If I was Amazon I'd be slinging Marco SDKs, hardware, whatever, to get a version of Instapaper running on the Kindle. Killer app.


Instapaper is pure liquid gold for the Kindle. Marco has definitely made the right choice to create a start-up based on it.

Right now I've got probably about a hundred articles on Instapaper, collected over the month or so I'm using it, but I haven't read any of them yet. My Kindle should arrive Monday and the first thing I'll do is read those articles on it.


One caveat - WhisperNet. Amazon aren't going to be keen on people buying Kindles, only to use their free cellular bandwidth to read blogs. Amazon have no interest in making hardware, it's just a means to an end, the end in question being the end of the publishing industry.



For those curious, I was able to find KDK documentation:

http://kdk-javadocs.s3.amazonaws.com/index.html


Does anyone know what CPU/clock speed the kindle 3 has? Can't seem to find it with google. Thanks!

I'm interested in the possibility of programming on the unit itself.

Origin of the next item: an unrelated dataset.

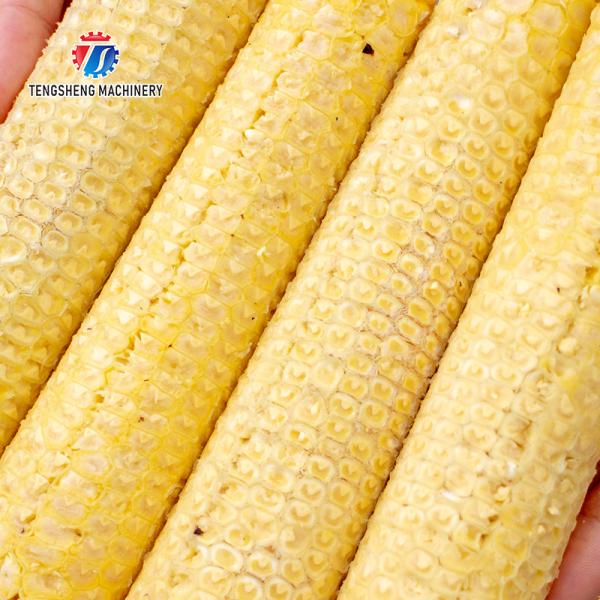 220V/380V High quality stainless steel corn thresher waxy corn peeler corn peeler fruit corn machine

The low-power consumption makes you less dependent on mains power.

EDIT according to http://www.mobileread.com/forums/showthread.php?t=95968, it's an iMX35 (ARM11-based) http://www.freescale.com/webapp/sps/site/overview.jsp?code=I... (probably iMX353 or iMX357: max speed... 532 MHz)

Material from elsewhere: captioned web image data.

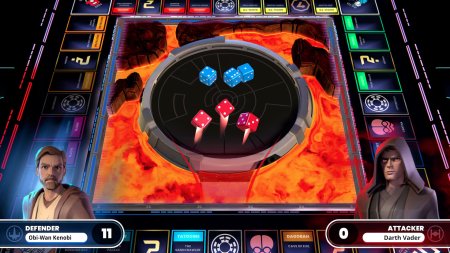 Monopoly (Монополия): Star Wars Heroes vs. Villains (Game-Key Card) Русская Версия (Switch 2)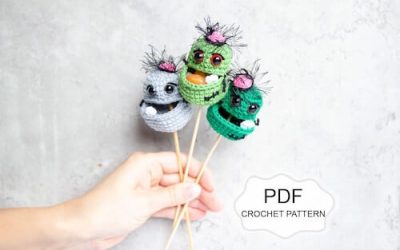 10 Crochet Zombie Patterns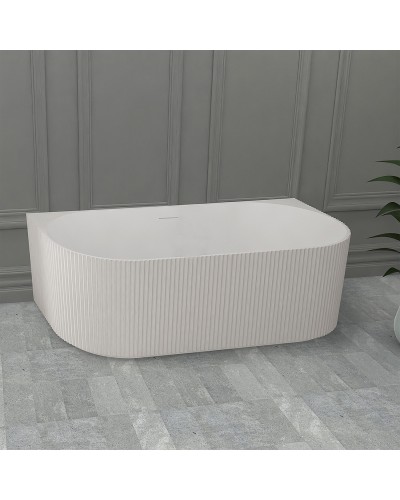 Ванна из искусственного камня Abber Stein 170x75 AS9630 без гидромассажа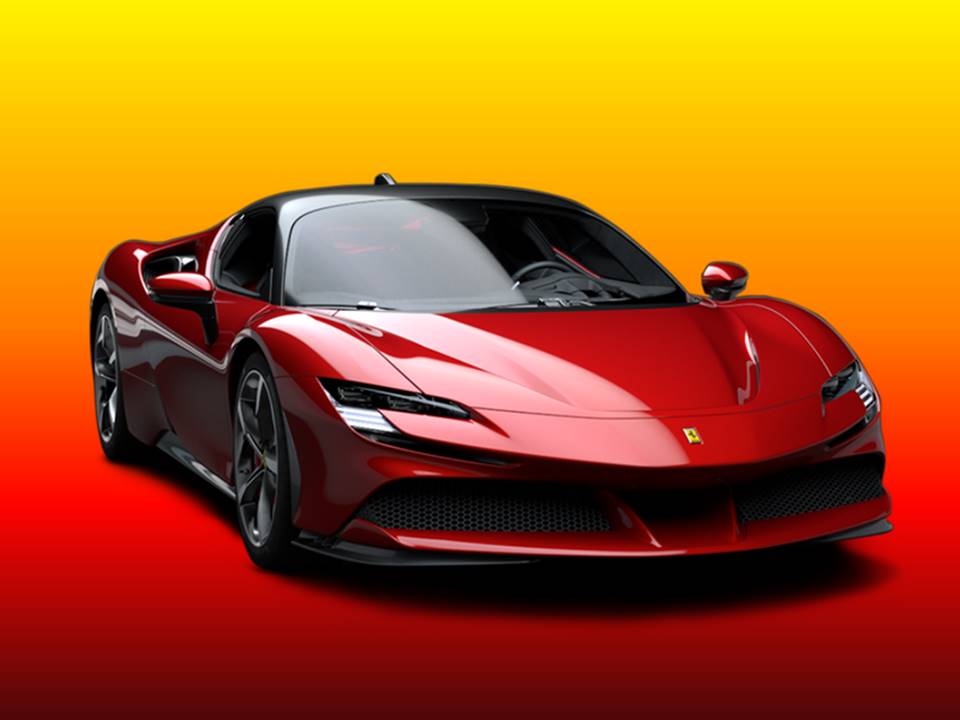 FERRARI FRONT RIGHT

Yes, it's an iMX35, you can see a teardown of the WiFi+3G version here: http://www.eevblog.com/2010/09/03/eevblog-109-amazon-kindle-...

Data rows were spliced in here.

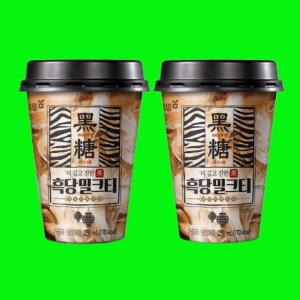 푸르밀 흑당밀크티 250ml x 20컵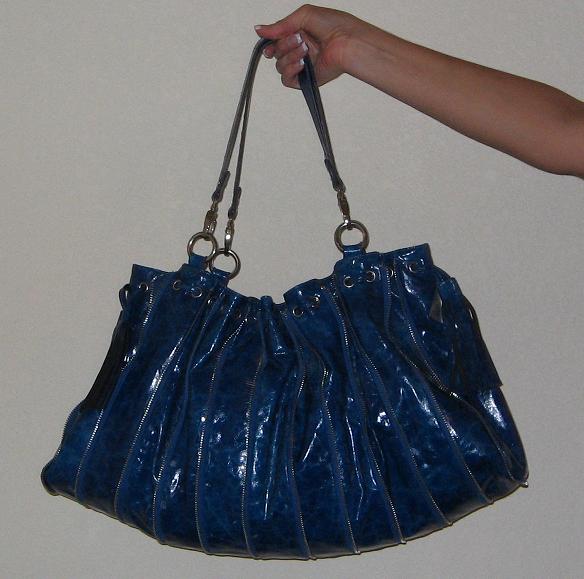 Blue Nicole Lee USA Handbag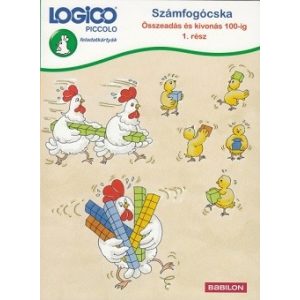 Logico Piccolo 3480 - Számfogócska: Összeadás és kivonás 100-ig 1. rész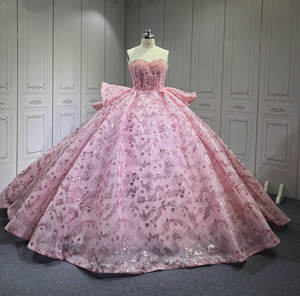 Vestidos de Quinceañera Rosa, Vestidos de 15 Años, Vestidos de Fiesta, Vestidos de Noche en Liquidación, Envío <span class=keywords><strong>Gratis</strong></span> - Product Image 3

It bothers me a little bit that they are not opening the KDK for all people at the same time. Nevertheless, I expect to experiment with Kindle apps in the future (if they ever let normal guys into the developer program).


I guess I can understand that they want to test the waters with a brand name app, but now that they've actually published something the continued stinginess with the sdk is off-putting. Maybe one consolation is that, by the time they open it up to regular folk, there might be much better Kindles to play with.


"Major drawback: Unlike Facebook’s or other online iterations of the Scrabble game, there is no social dimension. You can’t play with another Kindle user online; the best you can do is set up a two-player game where you pass the Kindle back and forth."

This seems to me a major step-back. Someone knows if is this a choice made by Electronic Arts or is something imposed by Amazon?


It seems to be currently unavailable at http://www.amazon.com/dp/B003P2QCE8/

Not seeing in my Kindle 3's store search either.


Was anyone here let into the developer's beta program?


Would really like to apply, but I want to build a reading application (expressly forbidden by their SDK agreement), because I've yet to see anything efficiently use E-ink displays, and their UIs are uniformly nasty. To the point where I've wondered if they're doing it deliberately, because it could mean relative-death to second-hand book sales.


I applied to create a fun game that's basically an etch-a-sketch. Was denied.


I was, but never bothered to try out the sdk.